Denver Water’s new headquarters on the leading edge of efficient heating and cooling.
These plastic tubes are embedded in the concrete slabs at Denver Water's Administration Building and carry water that heats and cools the interior. Photo credit: Denver Water.

 

Some of the greenest features of Denver Water’s new Administration Building are easy to see — the solar panels over the parking areas and the building’s roof as well as part of the wastewater recycling system’s filtering plants in the lobby.

But one of the most environmentally advanced designs is largely invisible: the radiant heating and cooling system that keeps the building, as well as four other new facilities at the complex, temperate and comfortable year-round.

“The project is leaps and bounds ahead of your average building getting built in Colorado,” said Ken Urbanek, a mechanical engineer at IMEG Corp. deeply involved in designing the climate control system in the new buildings at Denver Water’s redeveloped 35-acre complex.

While most homes and buildings depend on conventional “forced air” heating and cooling systems — think of warmed air from a furnace being pushed through ducts and vents — Denver Water’s system uses a far more efficient design.

This one depends heavily on water at different temperatures sent through a vast array of plastic tubing embedded in the building’s concrete slabs.

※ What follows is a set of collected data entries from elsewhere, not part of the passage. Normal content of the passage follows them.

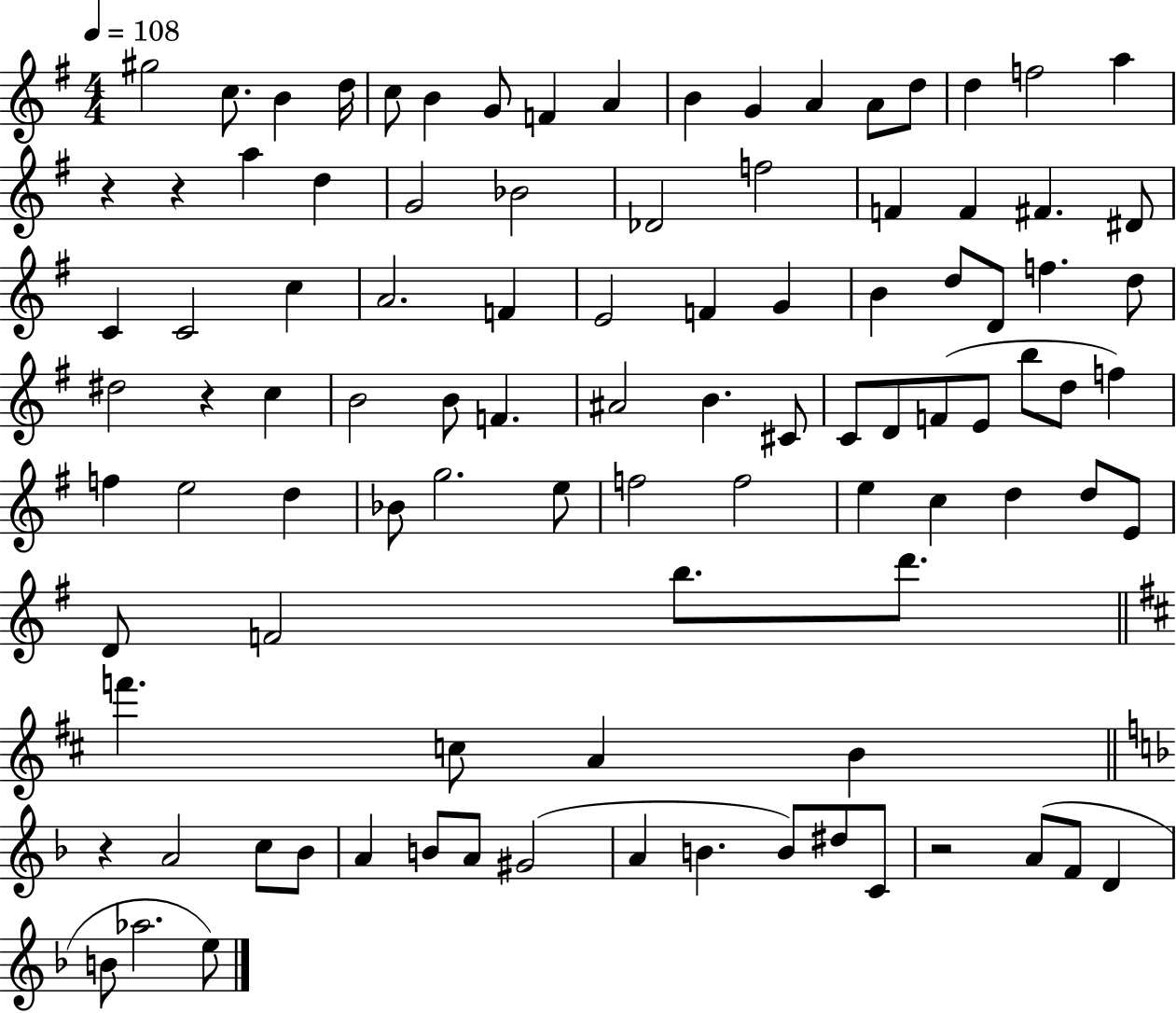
{
  \clef treble
  \numericTimeSignature
  \time 4/4
  \key g \major
  \tempo 4 = 108
  gis''2 c''8. b'4 d''16 | c''8 b'4 g'8 f'4 a'4 | b'4 g'4 a'4 a'8 d''8 | d''4 f''2 a''4 | \break r4 r4 a''4 d''4 | g'2 bes'2 | des'2 f''2 | f'4 f'4 fis'4. dis'8 | \break c'4 c'2 c''4 | a'2. f'4 | e'2 f'4 g'4 | b'4 d''8 d'8 f''4. d''8 | \break dis''2 r4 c''4 | b'2 b'8 f'4. | ais'2 b'4. cis'8 | c'8 d'8 f'8( e'8 b''8 d''8 f''4) | \break f''4 e''2 d''4 | bes'8 g''2. e''8 | f''2 f''2 | e''4 c''4 d''4 d''8 e'8 | \break d'8 f'2 b''8. d'''8. | \bar "||" \break \key b \minor f'''4. c''8 a'4 b'4 | \bar "||" \break \key f \major r4 a'2 c''8 bes'8 | a'4 b'8 a'8 gis'2( | a'4 b'4. b'8) dis''8 c'8 | r2 a'8( f'8 d'4 | \break b'8 aes''2. e''8) | \bar "|."
}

Water, it turns out, is far better than air at moving around large amounts of energy.

It takes far less water to move energy than it does air. That's a key reason for the efficiency of Denver Water's heating and cooling system. Graphic credit: IMEG Corp.

 

Adjusting the temperature of the water, often by using energy captured from other activities at the complex is enough to keep things cozy in the winter and cool during summertime. One simple example: areas along the Administration Building’s southern exposure often have excess heat useful in this process.

The leading-edge approach is yet another example of Denver Water’s commitment to sustainability through cutting waste, conserving water, reducing carbon emissions and incorporating green energy and energy efficiency into its operations.

“Clean, safe water for our customers depends on safeguarding our environment,” said Kate Taft, sustainability manager for Denver Water. “Using energy efficiently, as we’re doing to heat and cool our headquarters, is another example of our commitment to environmental stewardship.”

Denver Water’s radiant heating/cooling system was key to several buildings within the Operations Complex Redevelopment project earning various levels of LEED certification, which recognizes sustainability in building design, construction and operation.

It’s part of why the Administration Building is 30 to 50% more energy efficient than more conventional construction. Its radiant system largely avoids the need to burn natural gas to heat air and use electricity from the grid to run air conditioning units, as a more typical building might do.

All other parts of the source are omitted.